I sit here today, delaying my exit for work, because I’m pissed off again. It feels so familiar. Fans and local media are talking about this Seahawks team with such myopia that you might think the first seven weeks of the season never happened. There is a growing population of fans that only see the horrible play on the field, and completely ignore the players off it. All this talk of “inconsistency” is based on such embarrassingly superficial analysis that it belongs in a political ad. If you don’t already know, let me tell you, THESE ARE NOT YOUR SEAHAWKS. Let’s play a quick game. Name the Seahawks 10 best players this year. Here’s my list (in no particular order):

  • Russell Okung*
  • Earl Thomas*
  • Red Bryant*
  • Chris Clemons*
  • Matt Hasselbeck
  • Mike Williams*
  • David Hawthorne*
  • Lawyer Milloy
  • Brandon Mebane*
  • Colin Cole*

* Players that we have no viable replacement for

I could throw Lofa Tatupu, Aaron Curry, Ben Obomanu, Marshawn Lynch, Justin Forsett, or Marcus Trufant   in there, but they just don’t make my list based on performance this season.

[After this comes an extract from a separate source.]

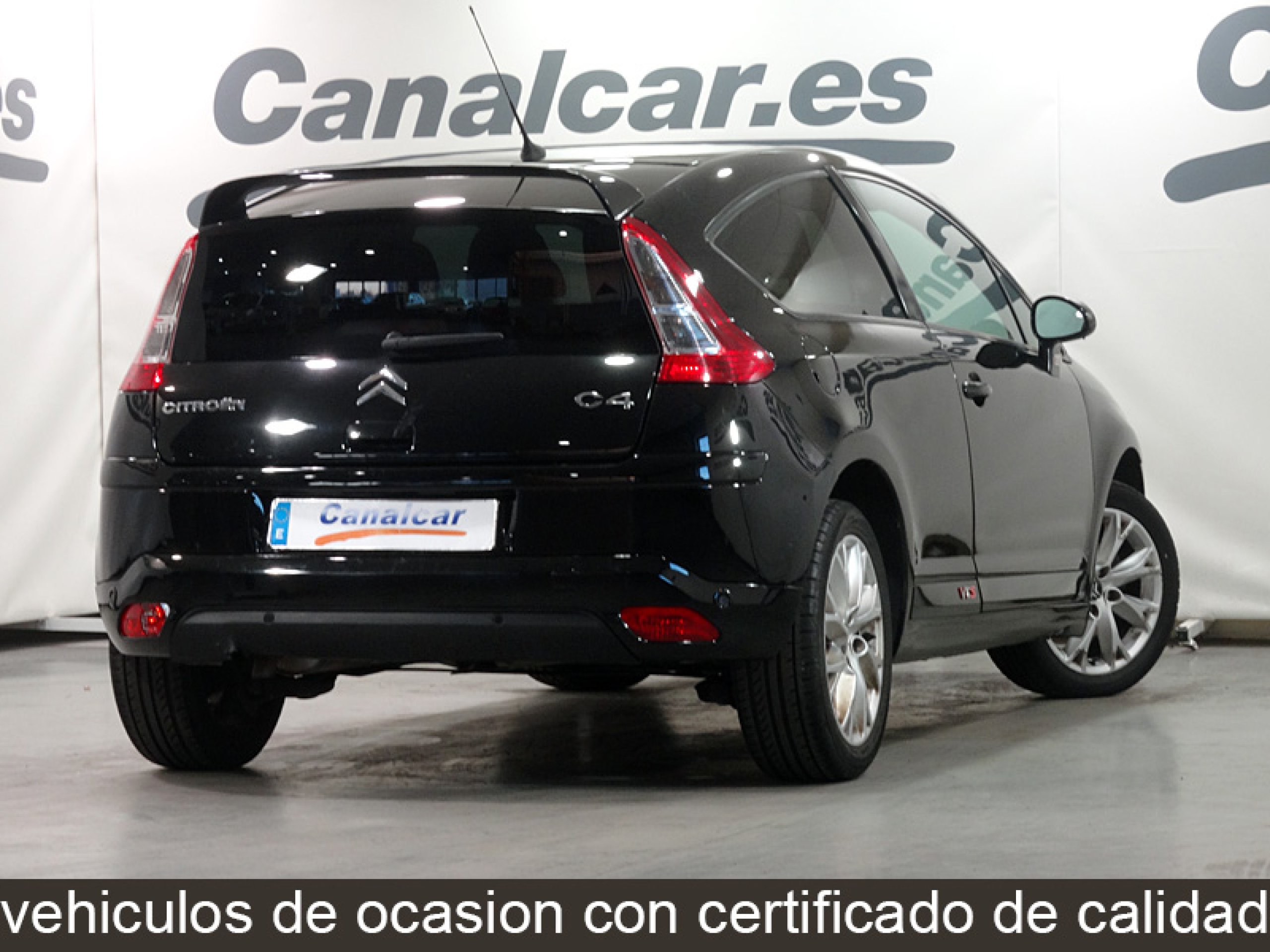 Foto Citroen C4 5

Now let’s look at how many games each has missed during this recent seven game stretch where the Seahawks went 2-5.

  • Russell Okung* (Missed 3 Games)
  • Earl Thomas* (Missed 0 Games)
  • Red Bryant* (Missed 7 Games)
  • Chris Clemons* (Missed 0 Games)
  • Matt Hasselbeck (Missed 1 Game)
  • Mike Williams* (Missed 4 Games, also half of Raiders and Saints game)

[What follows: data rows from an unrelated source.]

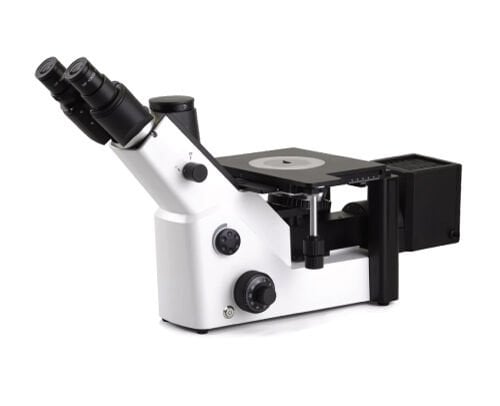 MM-2000 TERS TİP METAL MİKROSKOBU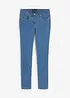 Jeans super stretch slim fit, vita media, bonprix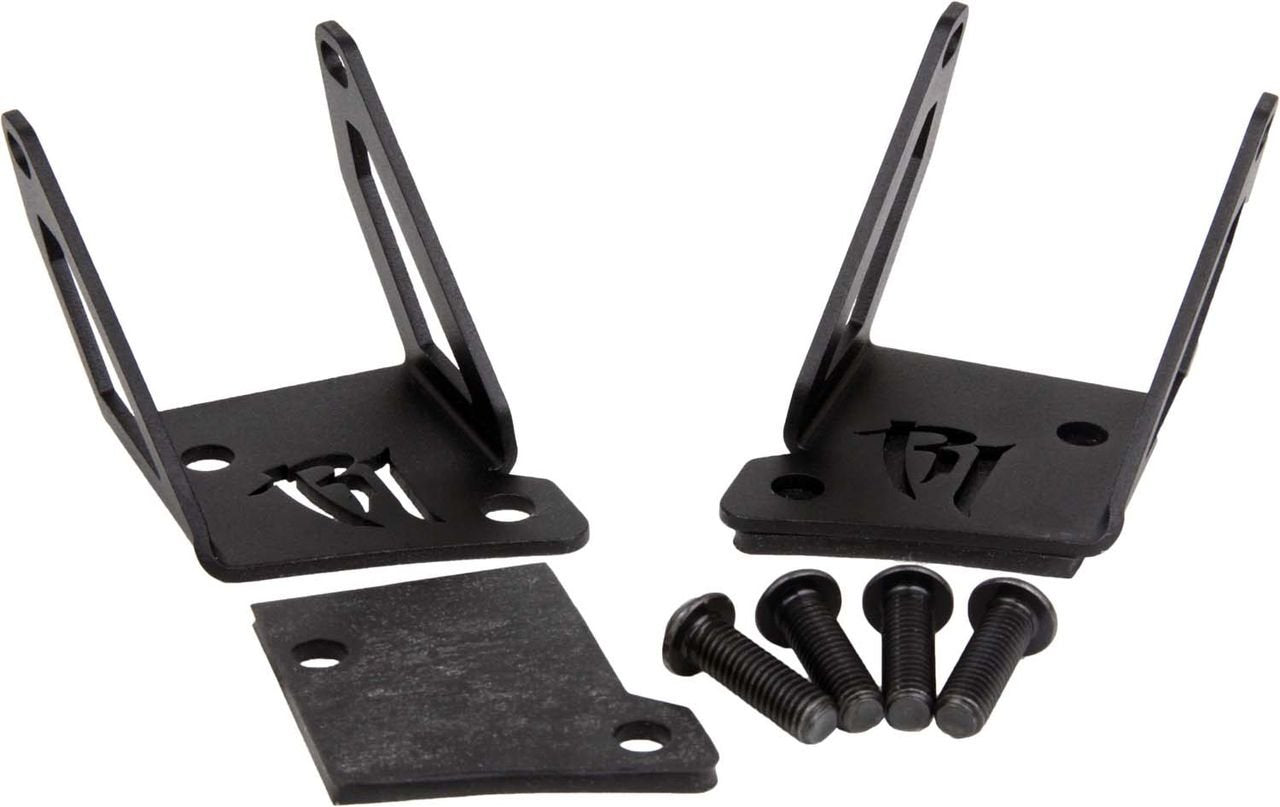 A-Pillar Mount Kit RIGID Industries for Jeep JK 40331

  • David Hawthorne* (Missed 0 Games)
  • Lawyer Milloy (Missed 0 Games)
  • Brandon Mebane* (Missed 2 Games)
  • Colin Cole* (Missed 6 Games)
* Players that we have no viable replacement for
That’s a total of 23 missed starts by our top 10 players during that span. Obomanu and Trufant missed time in there as well, as did a number of other players. There can be no consistency when you are missing this many key players at different times with different combinations in a season with new coaches and new schemes. To expect consistency is foolish. The team has had no more than half of its starting defensive line for six of the seven games. Injuries happen to every team. Some teams are not built to handle them. No teams are built to win without their best players. If I have time later, I plan on illustrating the “Mike Williams effect” as one example of how much of a difference one player can make. My point here is that we have been watching an impostor. It’s like to talking to my grandmother who had Alzheimers, she looked like my grandmother, but the core of who she was had gone missing.

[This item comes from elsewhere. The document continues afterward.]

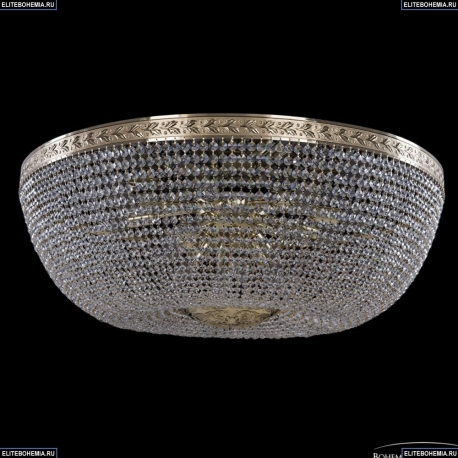 19051/80IV G Хрустальная потолочная люстра Bohemia Ivele Crystal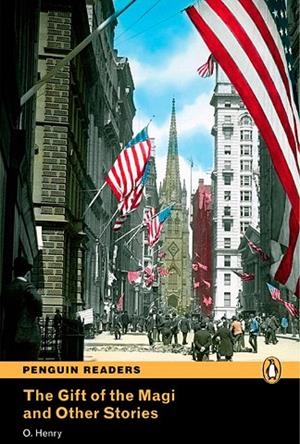 THE GIFT OF THE MAGI AND OTHER STORIES+CD | 9781405878043 | HENRY,O. | Llibreria Geli - Llibreria Online de Girona - Comprar llibres en català i castellà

No matter what happens in the last three games of the season, I consider 2010 a stunning and rousing success. I have seen a winning defense that can be sustained when healthy and filled in with more quality depth. I have seen a league-best special teams that is the best Seattle has seen since Rusty Tillman roamed the sidelines. I have seen an offense that found itself when healthy, and has tremendous upside with improved offensive line talent. Injury has kept all three of those groups from showing up the same time in a given week. An off-season will correct that. Of those top ten players I listed, an eye-popping six of them did not play for the Seahawks last season (Milloy and Bryant were on the team, but did not play meaningful snaps). That group includes what I consider the team’s top four players (Bryant, Thomas, Okung, Williams). That, all by itself, is success. One more off-season like that, and the Seahawks go from having possibly the worst talent in the NFL to a legitimate playoff team. If you let yourself get lost in the filth of what is happening week-to-week with this team, you will miss the mosaic being built at a record pace.